## Prompt
Output the full listing below exactly, without the pictures.

## Supplied information
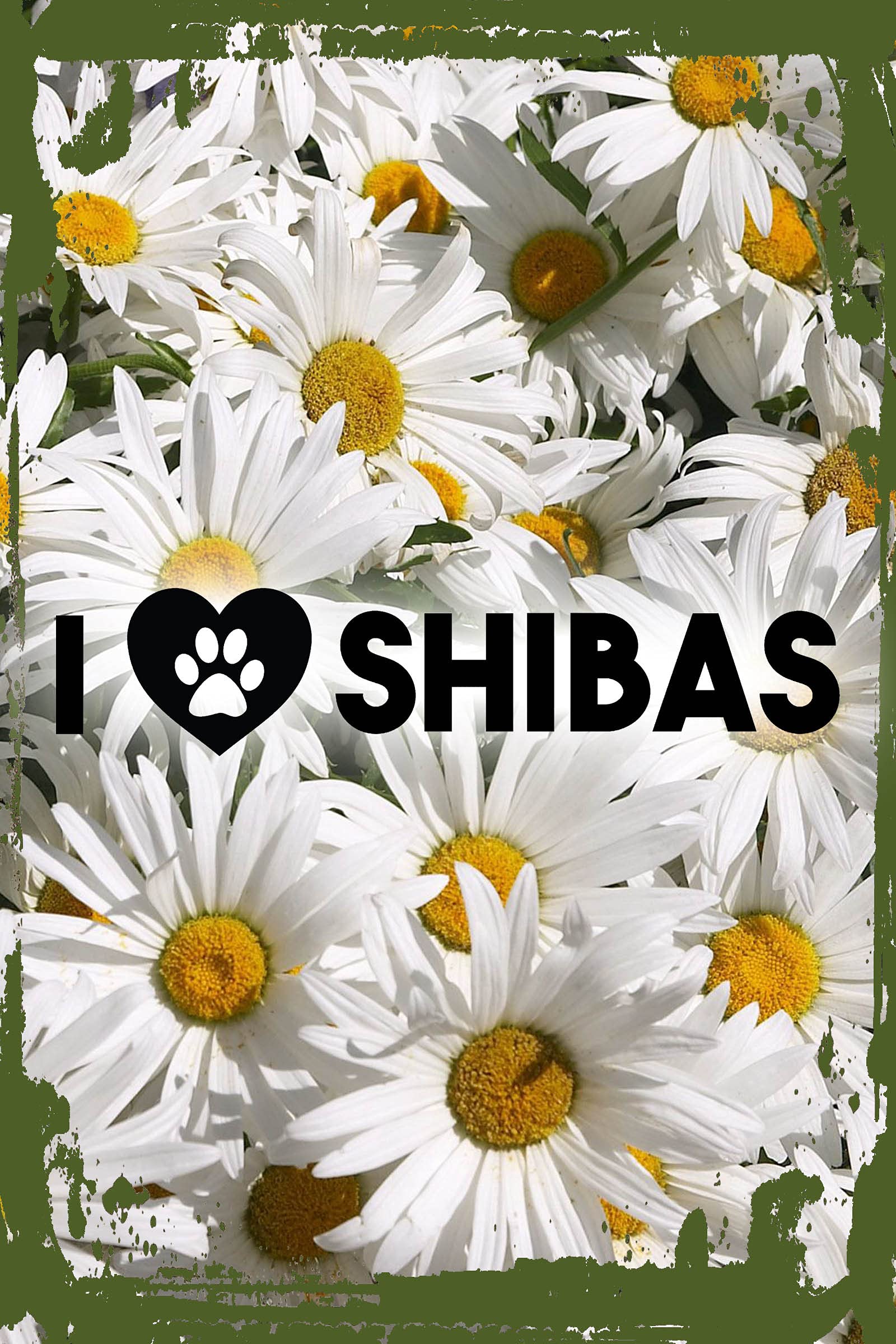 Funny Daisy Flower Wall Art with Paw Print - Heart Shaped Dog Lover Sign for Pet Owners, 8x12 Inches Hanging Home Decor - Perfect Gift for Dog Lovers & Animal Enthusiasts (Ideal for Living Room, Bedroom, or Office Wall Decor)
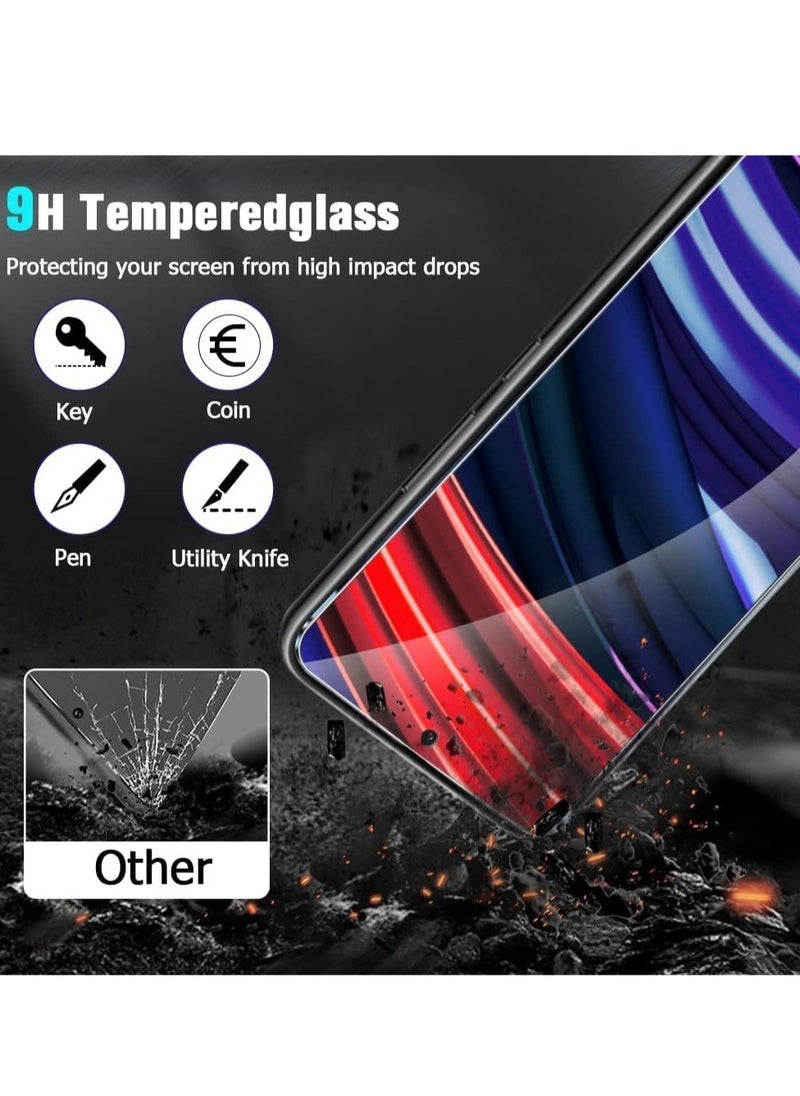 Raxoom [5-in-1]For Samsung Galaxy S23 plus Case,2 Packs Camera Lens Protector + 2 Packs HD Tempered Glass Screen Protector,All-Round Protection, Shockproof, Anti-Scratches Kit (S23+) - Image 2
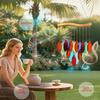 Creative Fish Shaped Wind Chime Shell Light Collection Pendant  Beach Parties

## Exercise response
 Funny Daisy Flower Wall Art with Paw Print - Heart Shaped Dog Lover Sign for Pet Owners, 8x12 Inches Hanging Home Decor - Perfect Gift for Dog Lovers & Animal Enthusiasts (Ideal for Living Room, Bedroom, or Office Wall Decor)
 Raxoom [5-in-1]For Samsung Galaxy S23 plus Case,2 Packs Camera Lens Protector + 2 Packs HD Tempered Glass Screen Protector,All-Round Protection, Shockproof, Anti-Scratches Kit (S23+) - Image 2
 Creative Fish Shaped Wind Chime Shell Light Collection Pendant  Beach Parties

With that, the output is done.